The role of technology in insurance has never been more important, so I'm slightly bemused by this one. Whilst I understand the objective, surely the cost of entry to this space and complexity involved does indeed keep other folks out, in the same way that deciding to building a scale production car from scratch isn't really accessible to most? It costs a lot, and is not a simple straightforward process.
Equally, on the other hand, those that have invested material amounts of time and money into this space will want to protect the investment they have made into developing a product fit for market conditions, as well as supporting it and changing it on an ongoing basis.

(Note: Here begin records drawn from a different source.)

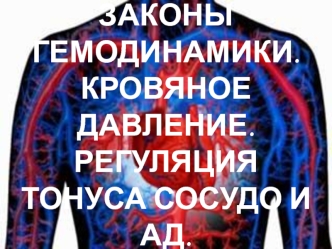 Законы гемодинамики. Кровяное давление. Регуляция тонуса сосудо и АД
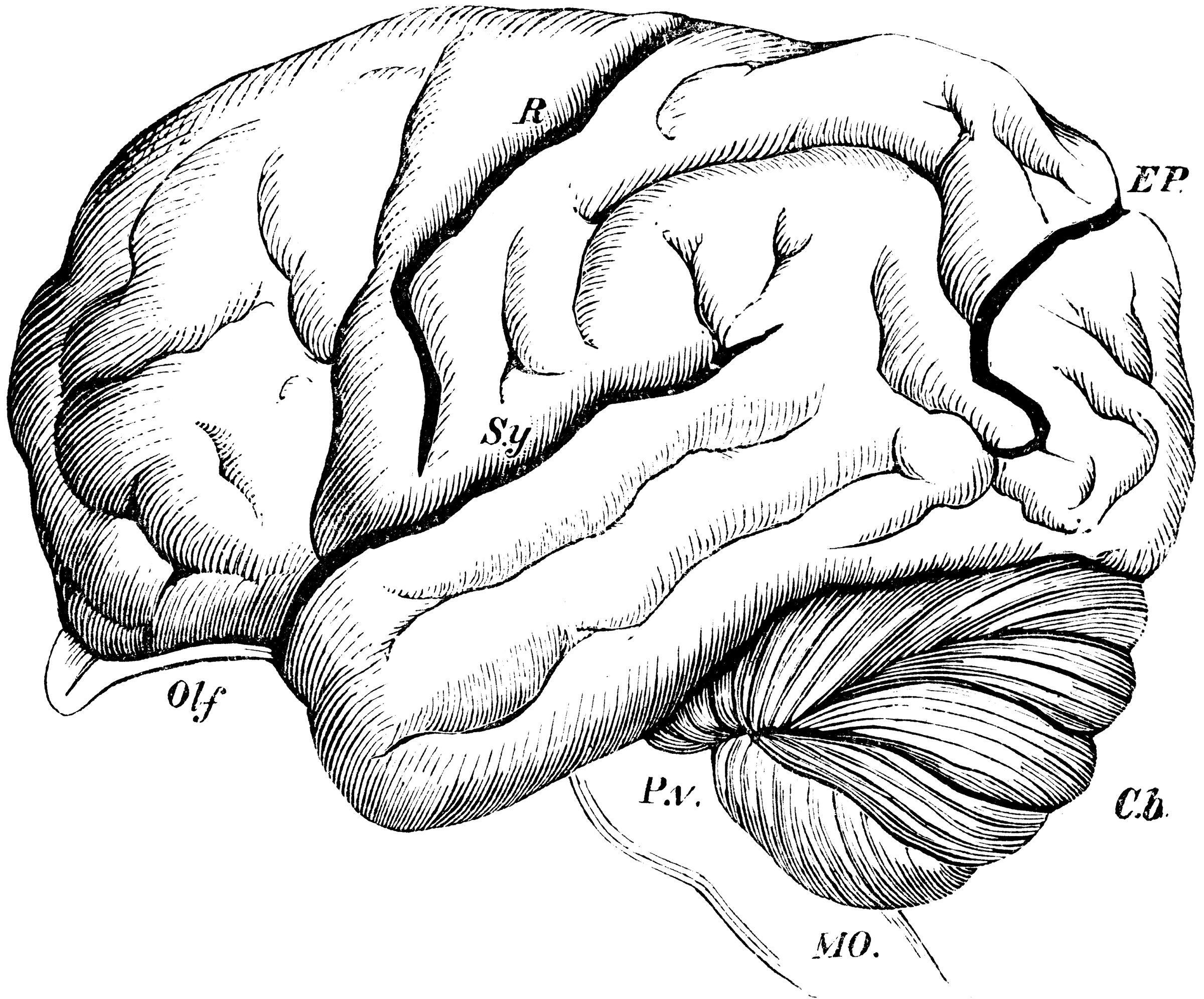 Brain of the Orangutan | ClipArt ETC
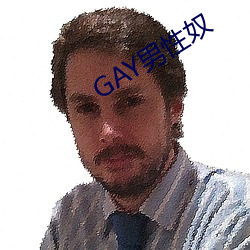 GAY男性奴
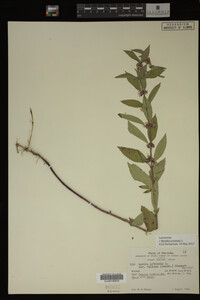 Image Associated With the Occurrence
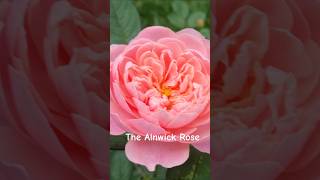 The Alnwick Rose David Austin jesienne kwitnienie 10102024 [upl. by Richers]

Organisations must complete appropriate due diligence to ensure they enter relationships 'eyes wide open'. Typically platforms can be broken down a number of ways. Gartner some time back coined the phrases - 'Systems of Engagement', 'Systems of Innovation' and 'Systems of Record'. Using this, it’s easier to split the platforms out to support each of these and the business capabilities out, as well as each of the known and perceived risks in doing so. For example, in the early stages of InsurTech, much of the innovation was focused on the front office, citing that changing the back office, or 'Systems of Record', was difficult - so let’s change the front end engagement quickly.
Whoever you outsource to in terms of providing services (people, processes, technology etc), you never outsource your brand, reputation or responsibility - regardless of the contract terms. Your provider may indeed have specific and defined service levels and obligations but it’s on the provider to ensure it all comes together to meet your customer objectives.
We typically see people outsource platforms due to the complexity involved, the access to the right skills and to allow us to focus on what we do best as insurers, i.e. - create great products that are relevant for the market.
When the broader ecosystem works well together and is executed successfully, the outcomes can be truly transformational.
This morning the FCA said it would consider the impact of such switches as part of its platform market study. 'In doing so, we will explore whether technology providers create barriers to entry and prevent platforms from being able to compete to innovate and offer value for money to consumers,' it said. The regulator said 'the technology market appears to be concentrated' with only a limited number of providers to choose from. As a result it will consider whether new entrants to the platform market face high costs to find technology, and whether the limited choice mean they struggle to offer anything new.